The story of its heady rise and spectacular crash (amidst financial and drug scandals) has been told many times before, including in the fictionalized narrative feature 54. This latest by documentarian Matt Tyrnauer (whose Scotty and the Secret History of Hollywood just exited local theaters) promises a lot of archival footage, as well as a rare interview with Ian Schrager, the surviving co-owner who ran the joint with the late, more infamous Steve Rubell. They were working-class entrepreneurs who rode a 1970s cultural moment to its zenith—and then right on down to jail, for tax evasion. Embarcadero, Shattuck Cinemas. More info here. 

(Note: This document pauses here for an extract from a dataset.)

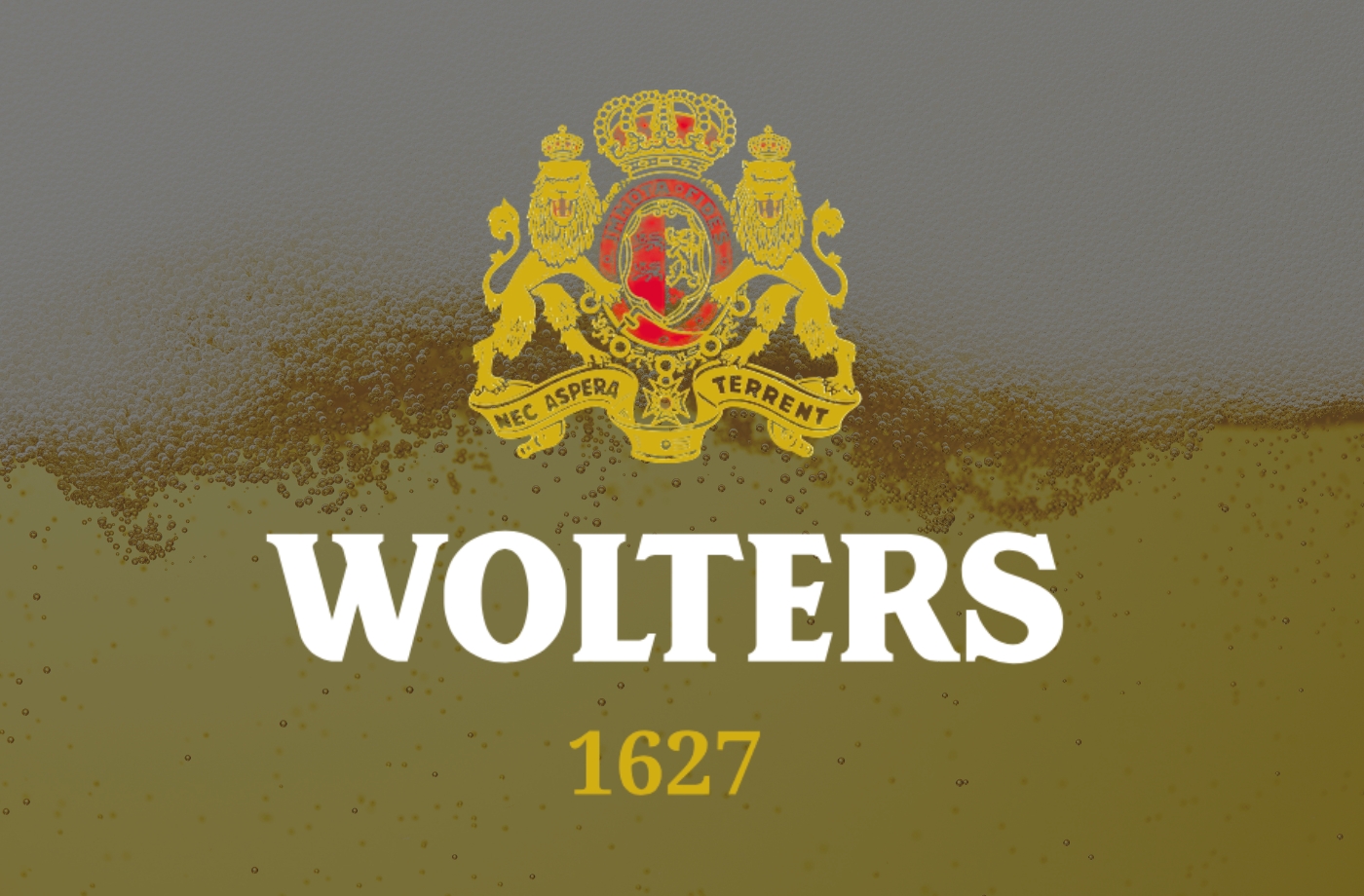 Hofbrauhaus Wolters logo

There’s already been a whipped-up conservative “controversy” over Damien Chazelle’s feature, because in telling the story of the events leading up to Neil Armstrong’s becoming the first man to walk on the moon, it doesn’t depict him planting the US flag. But when you see the film, it’s obvious why that’s not here—the focus is not on such world-famous moments in the Apollo 11 mission, or even the awe and excitement of pioneering space travel in general. 

Instead, it’s on the specifics of Armstrong’s experience as a highly trained, disciplined government functionary (played by Ryan Gosling) who’s required to keep a cool head in order to perform a job so dangerous there’s a very good chance he (and his fellow astronauts) won’t survive it. The emotional detachment required takes a toll on his relationship with his wife (Claire Foy) and children, something that gets at least as much emphasis here as the NASA achievements he was involved in. 

It’s a deliberately narrow, nose-to-the-grindstone view that pays off in many respects, if not in the conventional “inspirational” way you might expect—or the film’s flag-waving critics (very few of whom have actually seen it) seem to demand. This is Chazelle’s best film to date, although take that as qualified praise, coming from someone who was not really a fan of his La La Land or Whiplash. At area theaters. 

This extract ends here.